Cracovia pożegnała Janusza Filipiaka [WIDEO]

2023-12-20 20:11:24; Aktualizacja: 11 miesięcy temu
Cracovia pożegnała Janusza Filipiaka [WIDEO] Fot. Krzysztof Porebski / PressFocus
Norbert Bożejewicz
Norbert Bożejewicz Źródło: Transfery.info

Cracovia oddała hołd zmarłemu prezesowi profesorowi Januszowi Filipiakowi przed rozpoczęciem zaległej rywalizacji z Legią Warszawa w Ekstraklasie.

71-latek zasłabł na ulicy pod koniec września i w stanie krytycznym trafił do szpitala po zatrzymaniu akcji serca. W placówce został wprowadzony w stan śpiączki farmakologicznej i od tego momentu rodzina oraz najbliżsi współpracownicy nie przekazywali mediom żadnych informacji na temat sytuacji profesora Janusza Filipiaka.

Uległo to zmianie 17 grudnia, kiedy to firma Comarch wydała komunikat o śmierć swojego współzałożyciela oraz prezesa i właściciela Cracovii.

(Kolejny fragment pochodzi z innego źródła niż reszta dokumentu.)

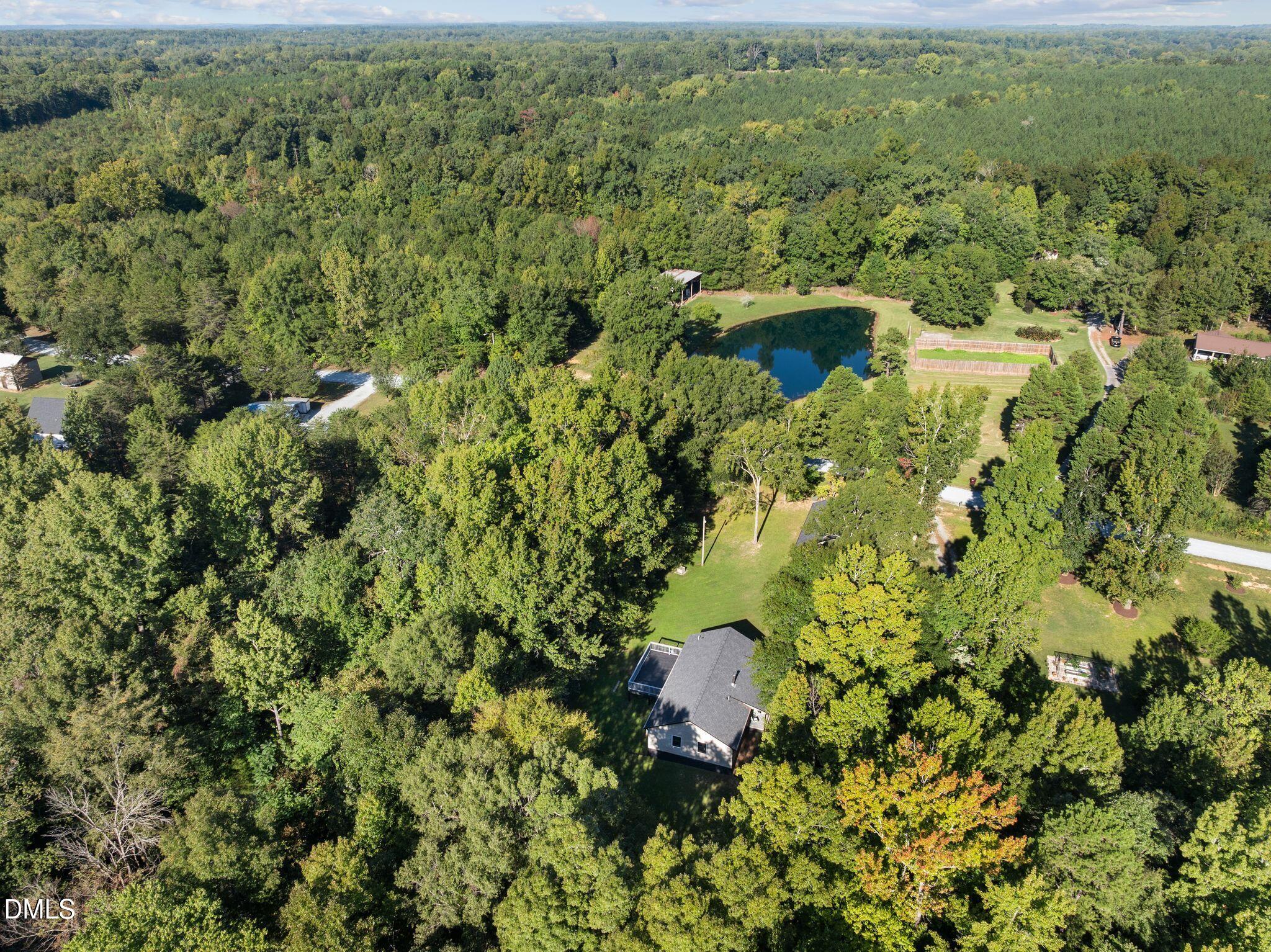 212 Shady Grove Drive Property Photo 9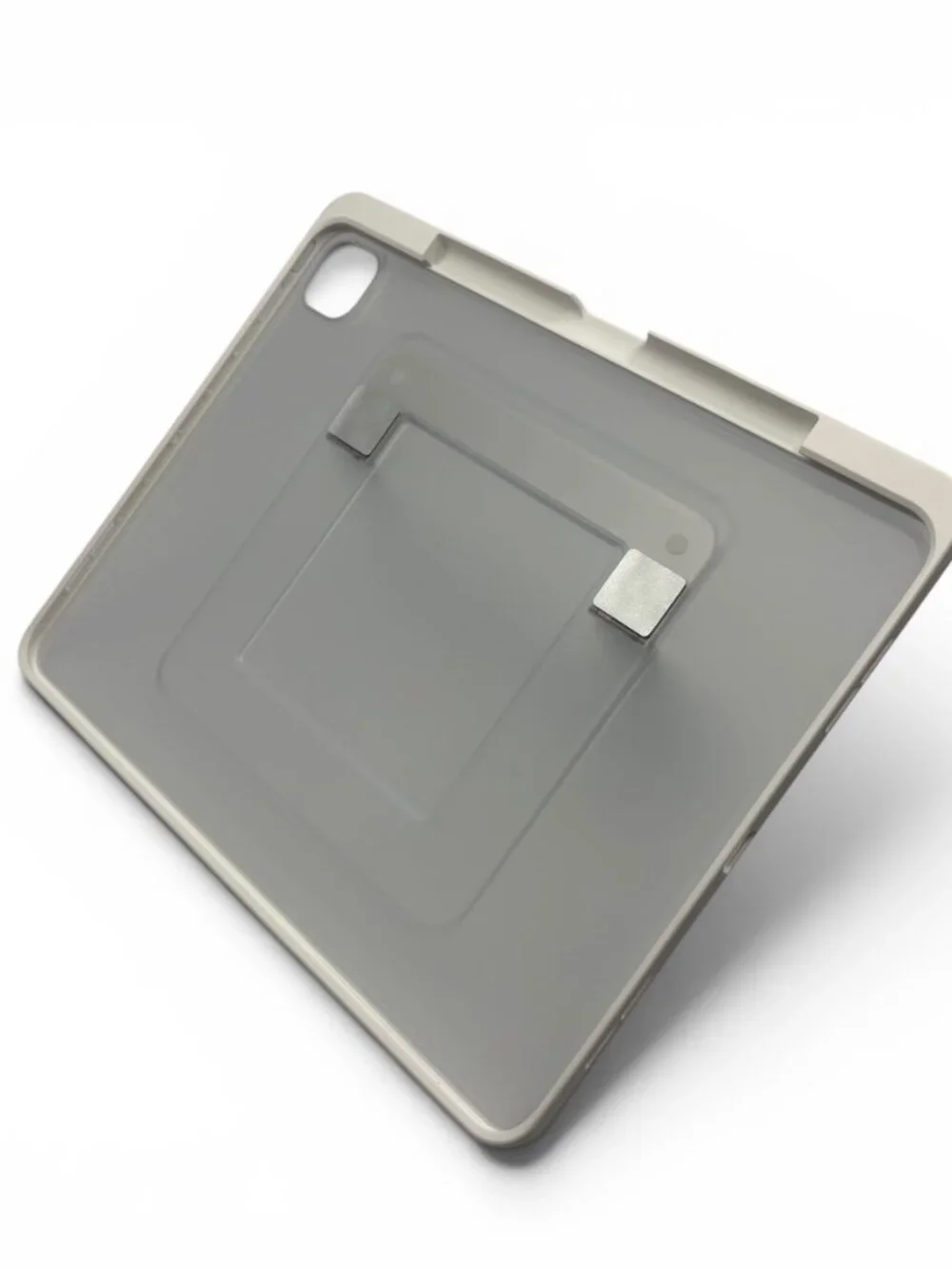 TORRAS Ostand K1 iPad Pro 13 Case M5 M4 White Stand Pencil Holder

Momentalnie na te smutne wieści zareagowała cała piłkarska rodzina z naszego podwórka, śląc wyrazy współczucia rodzinie oraz zespołowi „Pasów”.

Z kolei ten mógł oddać należny hołd osobie, która zaczęła na poważnie angażować się w życie klubu w 2002 roku, by tuż przed śmiercią przejąć nad nim całkowitą kontrolę poprzez nabycie 99,75% akcji, tuż przed rozpoczęciem zaległego spotkania z Legią Warszawa.

Wówczas odczytano list pożegnalny, podsumowujący działalność 71-latka i cele, do których zmierzał.

„Obejmując w 2002 roku trzecioligowy klub doskonale wiedział do jakiego punktu chce dotrzeć. Miał na to swoją autorską, czasami kontrowersyjną, ale skuteczną metodę. Chciał grać o najwyższe cele, zdobywać puchary, spełniać marzenia. I dopiął swego. Za jego kadencji nadszedł czas na pierwsze po 72 latach trofeum - najpierw Puchar Polski, potem Superpuchar Polski, w końcu gra w europejskich pucharach. Równocześnie rozwijał krakowski hokej, a wraz z jego rozwojem nadeszły sukcesy - siedem tytułów mistrza kraju, trzykrotnie zdobyty Puchar Polski, a także ten najważniejszy: Puchar Kontynentalny.

To wszystko zaostrzało apetyt na więcej. Jako wizjoner chciał zapewnić Cracovii bezpieczeństwo na przyszłość. Potrzebował nowoczesnego stadionu, więc taki powstał. Potrzebował bazy treningowej, więc stworzono taką, o której mówi się w całej Europie. O Cracovię możemy być spokojni.

[...] To pasja wszystko zaczęła i to pasja towarzyszyła mu do ostatnich chwil. Do upragnionego tytułu piłkarskiego mistrza kraju wcale nie zabrakło pasji - zabrakło czasu. Kochał hokej, piłkę nożną, kibiców. Po prostu kochał Cracovię - bez wyjątku. Szanowny profesorze, spoczywaj w pokoju” - odczytał list spiker przed minutą ciszy.

Z kolei kibice wywiesili na trybunach transparent - „Ku Twej pamięci dziś raca płonie, dbaj z Bogiem z góry o naszą Cracovię” oraz odpalili racę w kształcie krzyża.

Pogrzeb profesora Filipiaka odbędzie się w czwartek 21 grudnia. Uroczystości w Kościele Mariackim zaplanowane są na godzinę 13:00, a pogrzebowe na cmentarzu o 15:00. Zmarły spocznie w Alei Zasłużonych.